▶ TRY IT
All of the data is to be restated word for word.

▶ MATERIAL FOR THE TASK
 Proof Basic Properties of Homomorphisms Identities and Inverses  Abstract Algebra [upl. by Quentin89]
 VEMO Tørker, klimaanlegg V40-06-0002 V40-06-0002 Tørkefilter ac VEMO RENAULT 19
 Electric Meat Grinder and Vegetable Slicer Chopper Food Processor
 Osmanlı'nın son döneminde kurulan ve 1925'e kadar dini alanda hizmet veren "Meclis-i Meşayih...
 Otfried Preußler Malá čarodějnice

▶ RESPONSE AREA
 Proof Basic Properties of Homomorphisms Identities and Inverses  Abstract Algebra [upl. by Quentin89]
 VEMO Tørker, klimaanlegg V40-06-0002 V40-06-0002 Tørkefilter ac VEMO RENAULT 19
 Electric Meat Grinder and Vegetable Slicer Chopper Food Processor
 Osmanlı'nın son döneminde kurulan ve 1925'e kadar dini alanda hizmet veren "Meclis-i Meşayih...
 Otfried Preußler Malá čarodějnice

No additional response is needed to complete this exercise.